# Bedrock Data Automation Projects

## Introduction

In the last section we explored the default way to invoke data automation with Standard output. A more flexible way of setting up standard outputs is using [Bedrock Automation Projects](https://docs.aws.amazon.com/bedrock/latest/userguide/bda-projects.html).

A project encapsulates your standard output (mandatory) and custom output(optional) configurations. Projects grants you flexibility to define your standard output with its own set of configurable options specific to your use case.

Once you create a project with standard output and (optionally) custom output configuration, you can call the `InvokeDataAutomationAsync` with the project ARN. BDA then uses the configuration defined in the project as the basis to generate the output.

You can define configuration for more than one data type in a BDA project. BDA processes the input provided using the appropriate configuration associated with the type of the input. For example, an audio file sent to BDA using project name ABC will be processed using project ABC’s audio standard output configuration. A document sent to BDA using project name ABC will be processed using project ABC’s document standard output configuration.
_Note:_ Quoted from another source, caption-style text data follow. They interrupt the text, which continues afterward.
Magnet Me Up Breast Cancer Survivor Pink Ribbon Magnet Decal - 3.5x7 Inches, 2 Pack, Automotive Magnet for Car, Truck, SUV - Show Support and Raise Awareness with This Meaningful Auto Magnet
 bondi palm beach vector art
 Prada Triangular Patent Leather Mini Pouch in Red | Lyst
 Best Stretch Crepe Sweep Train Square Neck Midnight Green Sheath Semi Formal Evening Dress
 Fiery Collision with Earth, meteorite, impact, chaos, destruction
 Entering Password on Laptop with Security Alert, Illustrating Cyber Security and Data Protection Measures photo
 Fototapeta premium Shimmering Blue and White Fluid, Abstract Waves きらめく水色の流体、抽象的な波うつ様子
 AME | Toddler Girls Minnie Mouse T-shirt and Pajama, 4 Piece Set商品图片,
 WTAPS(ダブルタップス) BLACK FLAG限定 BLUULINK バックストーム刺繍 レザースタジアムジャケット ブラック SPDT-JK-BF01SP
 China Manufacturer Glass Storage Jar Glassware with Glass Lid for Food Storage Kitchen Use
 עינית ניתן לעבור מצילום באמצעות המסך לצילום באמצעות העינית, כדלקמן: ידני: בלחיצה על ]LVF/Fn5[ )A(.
In this notebook, we will explore the various ways through which we can leverage projects to define our standard output configuration.


## Prerequisites

In [None]:
pip install "boto3>=1.35.76" PyPDF2 --upgrade -qq

## Setup

Before we get to the part where we invoke BDA with our sample artifacts, let's setup some parameters and configuration that will be used throughout this notebook

In [None]:
import boto3
import json
import pprint
from IPython.display import JSON, display, HTML, Markdown, IFrame
import random


region_name = 'us-west-2'
# Initialize Bedrock Data Automation client
bda_client = boto3.client('bedrock-data-automation')
bda_runtime_client = boto3.client('bedrock-data-automation-runtime')
s3_client = boto3.client('s3')
bda_s3_input_location = 's3://genai.octankmarkets.com/input'
bda_s3_output_location = 's3://genai.octankmarkets.com/output'

### Prepare Sample Document
For this lab, we use a `Monthly Treasury Statement for the United States Government` for Fiscal Year 2025 through November 30, 2024. The document is prepared by the Bureau of the Fiscal Service, Department of the Treasury and provides detailed information on the government's financial activities. We will extract a subset of pages from the `PDF` document and use BDA to extract and analyse the document content.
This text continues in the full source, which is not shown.